"Doubt," the thought-provoking one-acter by John Patrick Shanley, was rapturously received in 2004 at Manhattan Theater Club; its Broadway transfer opens March 31. This makes the Pasadena Playhouse's West Coast premiere all the more notable, and the play proves worthy of its accolades.
“Doubt,” the thought-provoking one-acter by John Patrick Shanley, was rapturously received in 2004 at Manhattan Theater Club; its Broadway transfer opens March 31. This makes the Pasadena Playhouse’s West Coast premiere all the more notable, and the play proves worthy of its accolades. Alternately humorous and starkly dramatic, it exposes the frigid cruelty of moral finger-pointing without facts and creates mystery by refusing to present issues in black-and-white terms.
Doubt may be the subject of Shanley’s story, but it’s an alien emotion to Sister Aloysius (Linda Hunt), principal at St.
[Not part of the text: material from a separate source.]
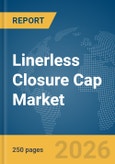 Linerless Closure Cap Market Global Report 2026- Product Image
Nicholas Church School in the Bronx. This steely representative of hanging-judge morality, who flatly states her dislike of art, dance and music, berates Sister James (Mandy Freund) for responding to her students with too much emotional openness.
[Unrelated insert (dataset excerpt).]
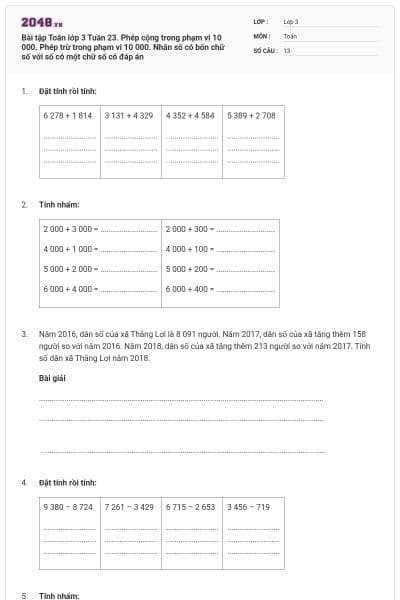 Bài tập Toán lớp 3 Tuần 23. Phép cộng trong phạm vi 10 000. Phép trừ trong phạm vi 10 000. Nhân số có bốn chữ số với số có một chữ số có đáp án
Eager to please her formidable superior (“I’ve been trying to become more cold, as you suggested”), Sister James nervously mentions that a 12-year-old boy, the school’s first black student, had liquor on his breath after a meeting with popular Father Flynn (Jonathan Cake). She expresses fear that something improper transpired between clergyman and pupil. Sister Aloysius, almost obscenely eager to accept the worst, launches her own witch hunt and, in one of the play’s most startling moments, declares, “I’ll bring him down!”
Shanley and director Claudia Weill build excitement by creating doubt in the viewer. As played by Cake, Father Flynn is an expansively sympathetic, charismatic and caring figure, yet the implication subtly surfaces that he may, in fact, be a pedophile. Since we dislike Sister Aloysius intensely and tend to side with the persecuted pastor, we reject both the idea of Flynn’s guilt and the unsubstantiated way in which Sister Aloysius reaches her conclusions.
The increasing darkness of the confrontations is framed against Gary L. Wissmann’s beautifully benign backgrounds, which include a brick courtyard with lovely arches, a stone statue and trees. The driven inquisitor echoes all monomaniacal accusers with “I know I’m right.” She spews out the words, “You lie” and remains rigid in horrifying exchanges in which the pastor veers between threats and pleas for mercy.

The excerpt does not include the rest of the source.